7. "Love is Strong as Death"
Carrie Tower has an engraving on its foundation that reads "Love is Strong as Death." Carrie Tower was erected in 1904, a gift of Paul Bajnotti of Turin, Italy, and a memorial to his wife, born Caroline Mathilde Brown, granddaughter of Nicholas Brown 1786, for whom the University is named, and daughter of Nicholas Brown 1811.
8. Annmary Brown Memorial crypt
Founder General Rush C. Hawkins and his wife are entombed in a crypt at the rear of the Annmary Brown Memorial. The Memorial houses exhibits of European and American paintings from the 17th through the 20th centuries, the Cyril and Harriet Mazansky British Sword Collection, as well as personal mementos of Hawkins and the Brown family.
9. H.P. Lovecraft collection
Brown's H.P Lovecraft collection includes extensive holdings of manuscripts, letters, editions of Lovecraft's works in all languages, periodicals, biographical and critical works, and many supportive collections of manuscript and printed materials of Lovecraft friends and associates.

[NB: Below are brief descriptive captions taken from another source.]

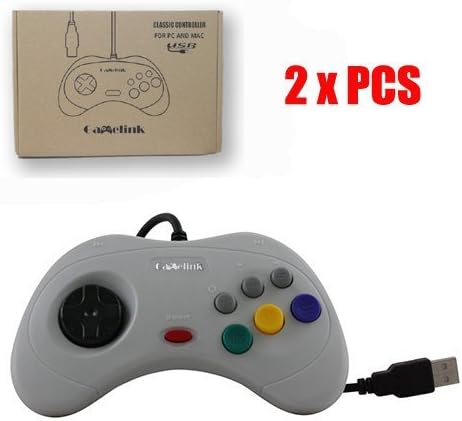 Childhood Gamelink 2PCS New Wired USB Controller Gamepad Joy Pad For Saturn System PC Mac Gray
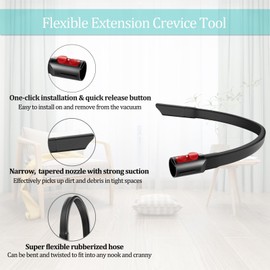22.6" Flexible Crevice Tool for Dyson V7 V8 V10 V11 V12 V15 Gen5 Cordless Vacuum Cleaner, Vacuum Accessories Attachment for Dryer Vent, Car Detailing, Gaps and Corners Cleaning - 22.6 Inches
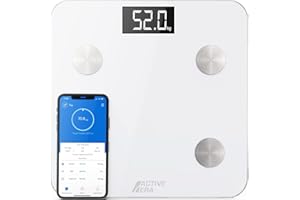 Active Era Precyzyjna Waga Łazienkowa Cyfrowa Analityczna Antypoślizgowa Elektroniczna Szklana, z Dużym Wyświetlaczem LCD, Aplikacją Mobilną Bluetooth, ze Szkła Hartowanego, do 180kg, 28x28cm, Biała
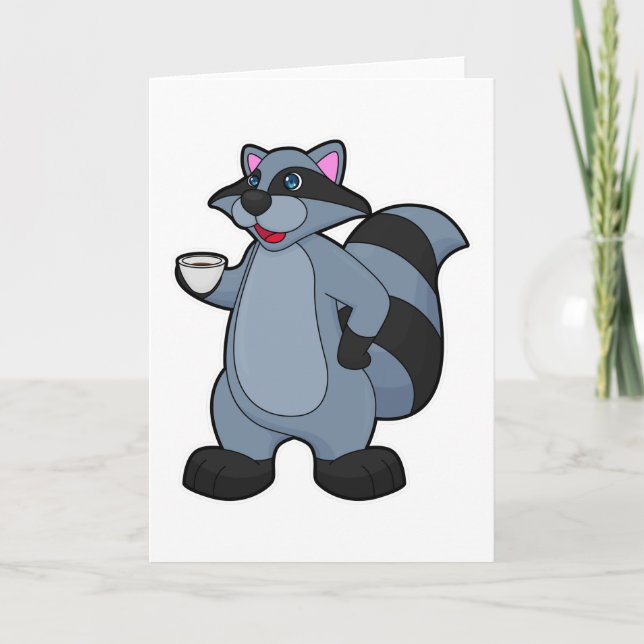 Waschbär mit Kaffeetasse Karte (Vorderseite)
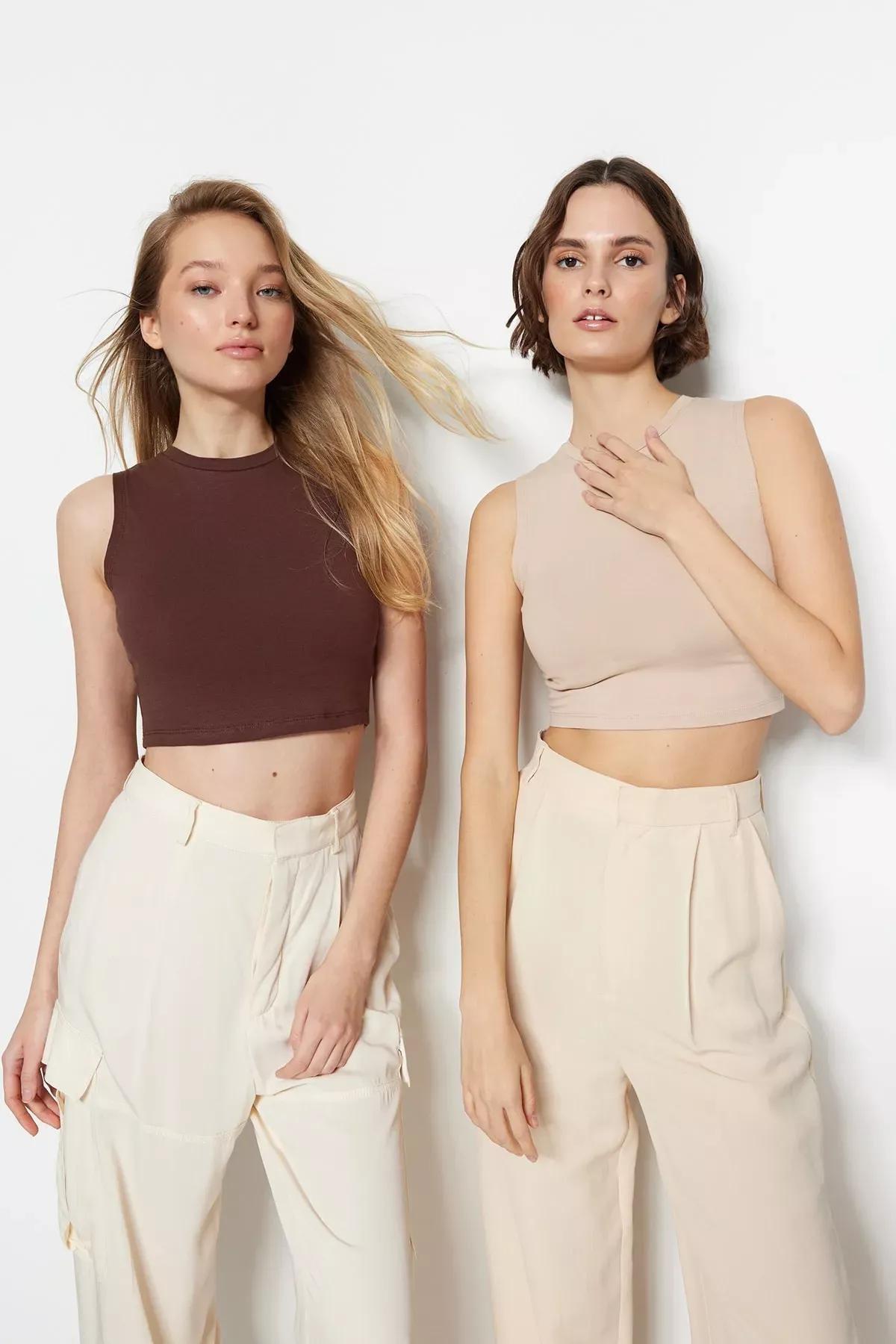 Brown Fitted Tank Top, Set Of 2, Brown, large image number 0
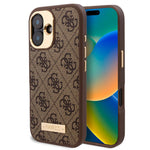 Apple iPhone 16 Plus Kılıf Guess Orjinal Lisanslı M-safe Şarj Özellikli PU 4G Desenli Metal Plaka Klasik Logolu Kapak Kahverengi
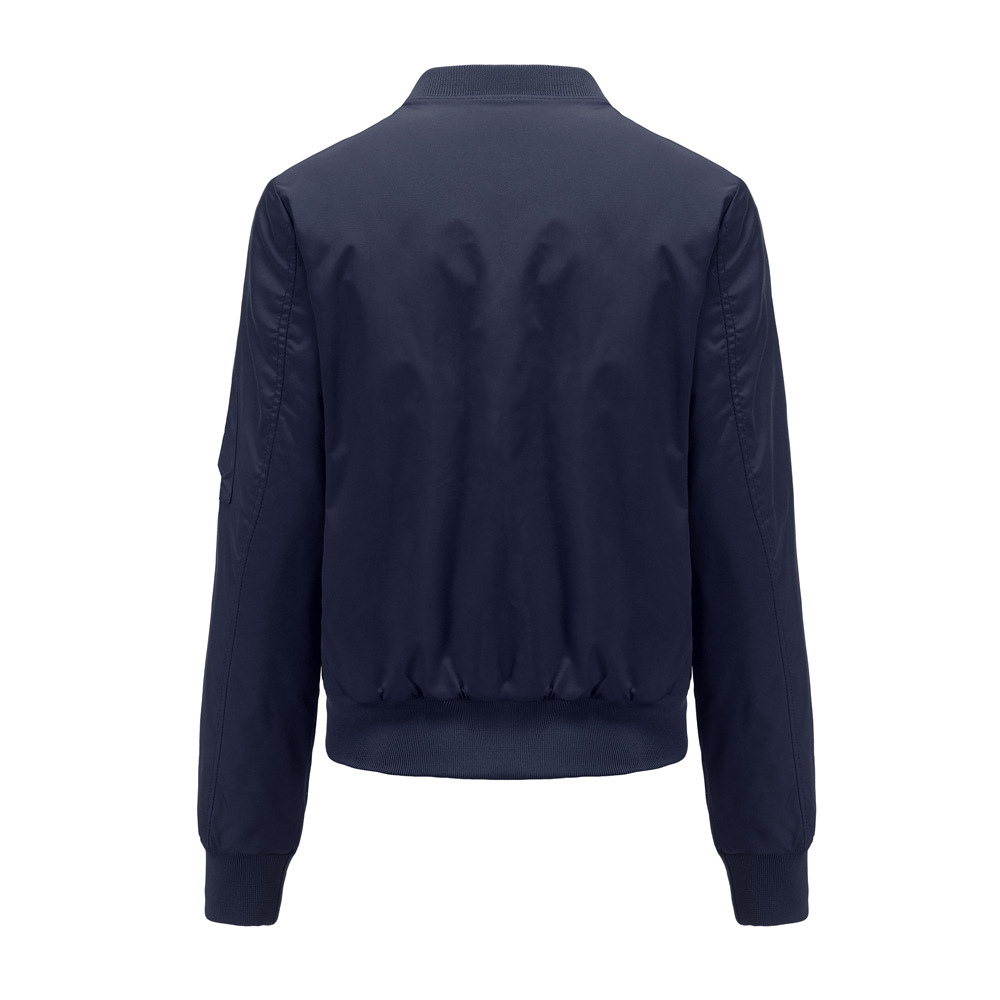 full zipper simple design women casual bomber jacket light cotton quilted outer coat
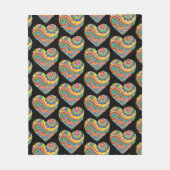 Couverture Polaire Coeurs Mandala (Devant)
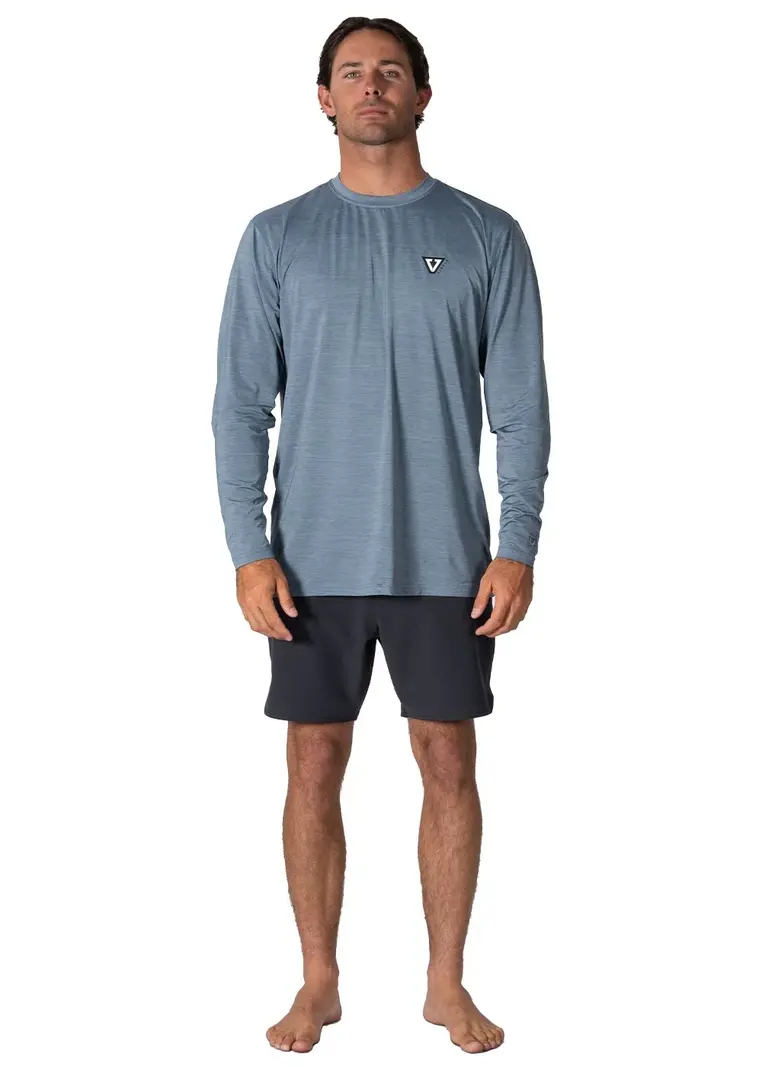 Vissla MEN'S TWISTED ECO LONG SLEEVE SUN SHIRT SLATE HEATHER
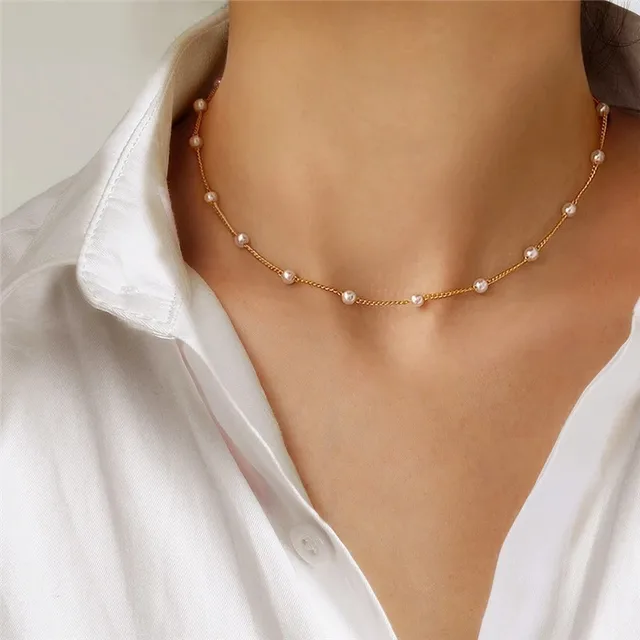 Náhrdelník s imitací perly | Řetízek s přívěskem - 20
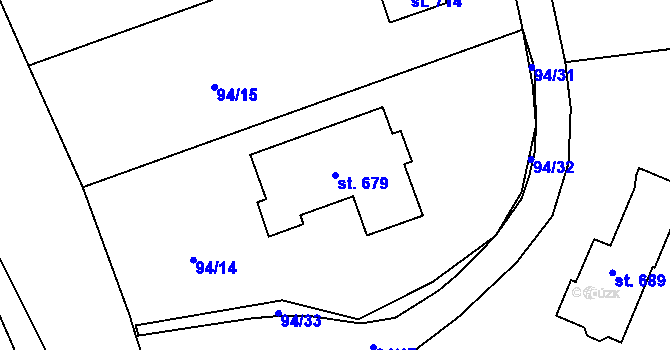 Parcela st. 679 v KÚ Trhanov, Katastrální mapa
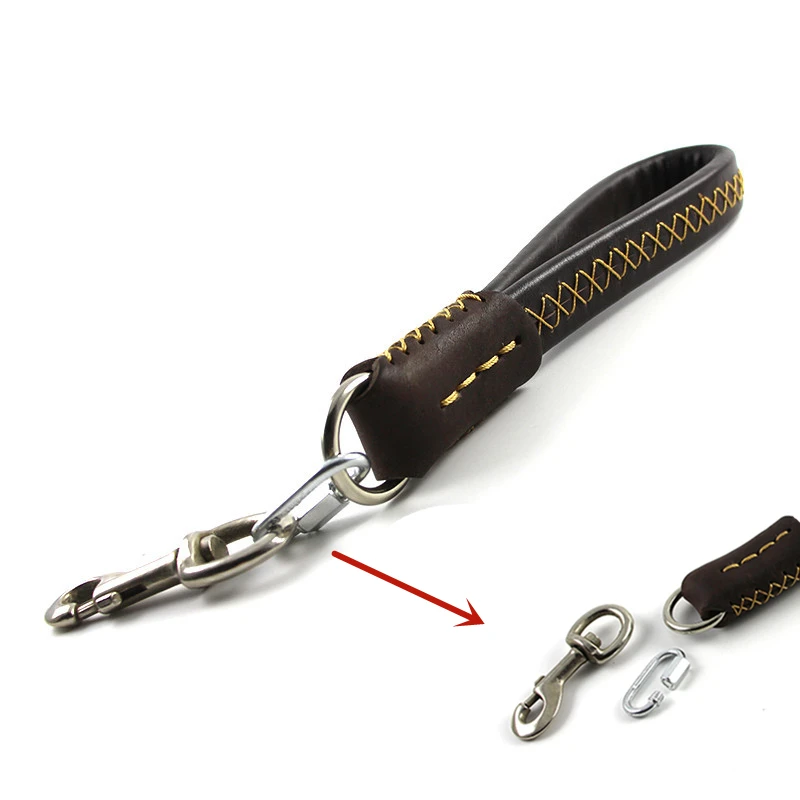 short leather dog lead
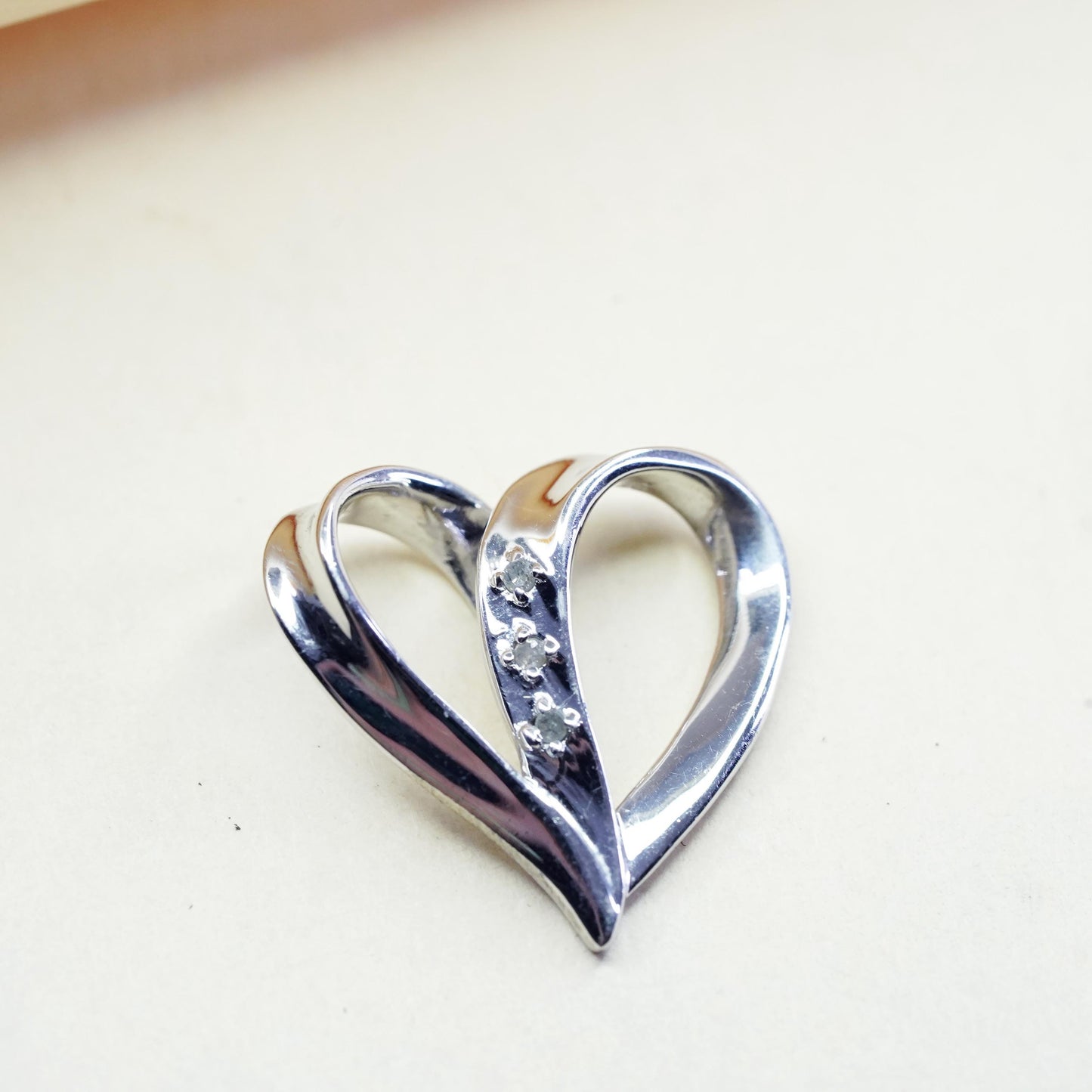 Vintage sterling silver pendant, 925 heart with diamond my daughter heart love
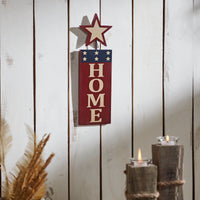 HOME w/ Star In Red Outline MDF Wall Hanging 16x5 VHC Brands
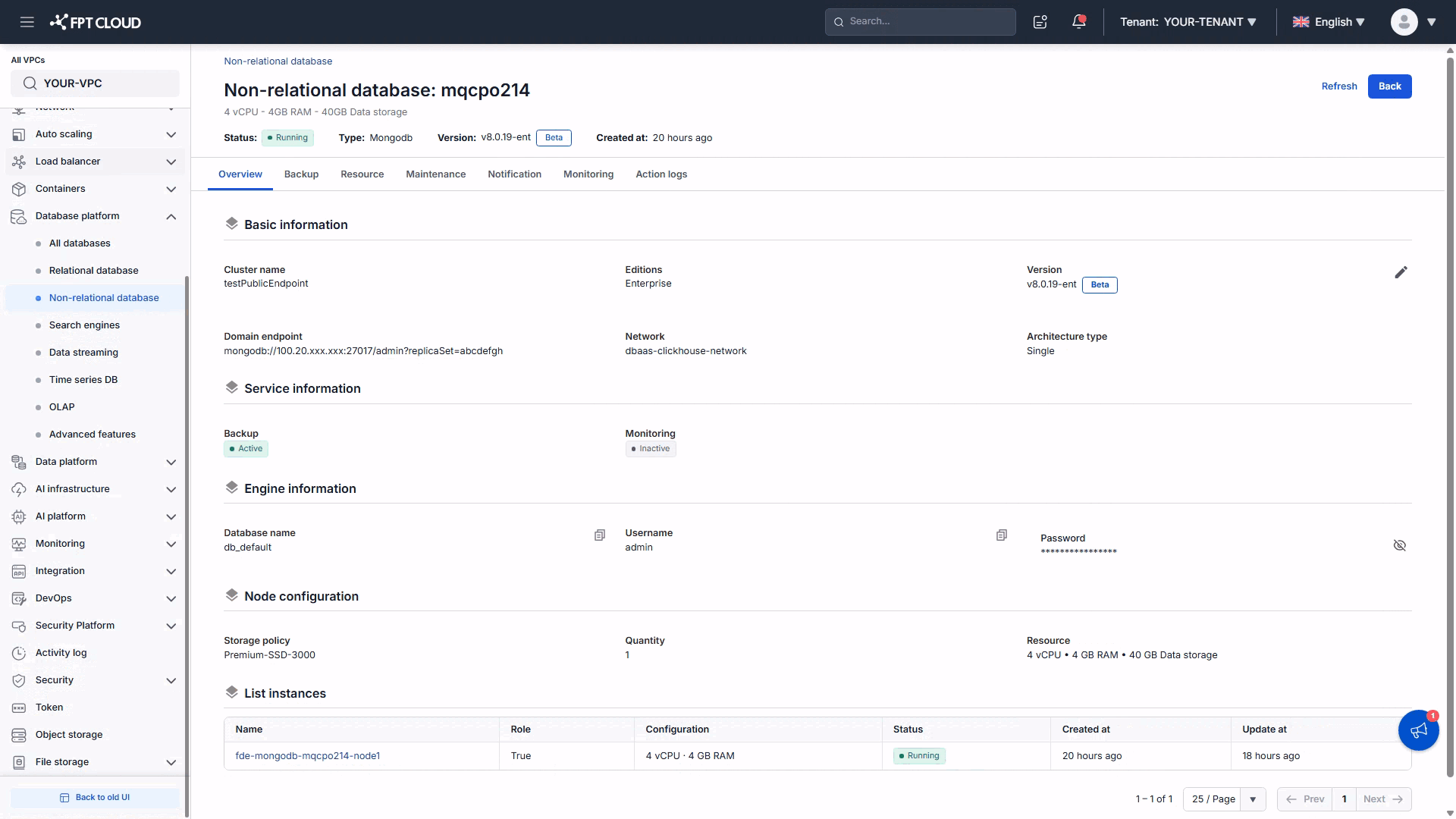 Cluster Overview tab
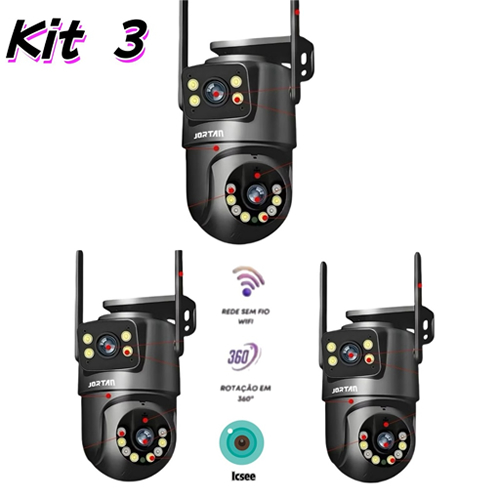 Kit Câmera De Segurança a Prova de água Lente Dupla APP Icsee IP66 Camera IP WiFi 360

10. Collection of conjuring and magicana
The H. Adrian Smith Collection of Conjuring and Magicana, long considered one of the finest private libraries on conjuring and magic, includes 16th century titles on natural magic, alchemy, astrology, religious rites and witchcraft. Later holdings include sections on conjuring, card tricks and games, magicians as performers, magic periodicals and other works intended for practicing magicians, posters, ephemera and realia. The collection is the gift and bequest of the collector, Class of 1930, who as an undergraduate put himself through Brown by giving magic performances.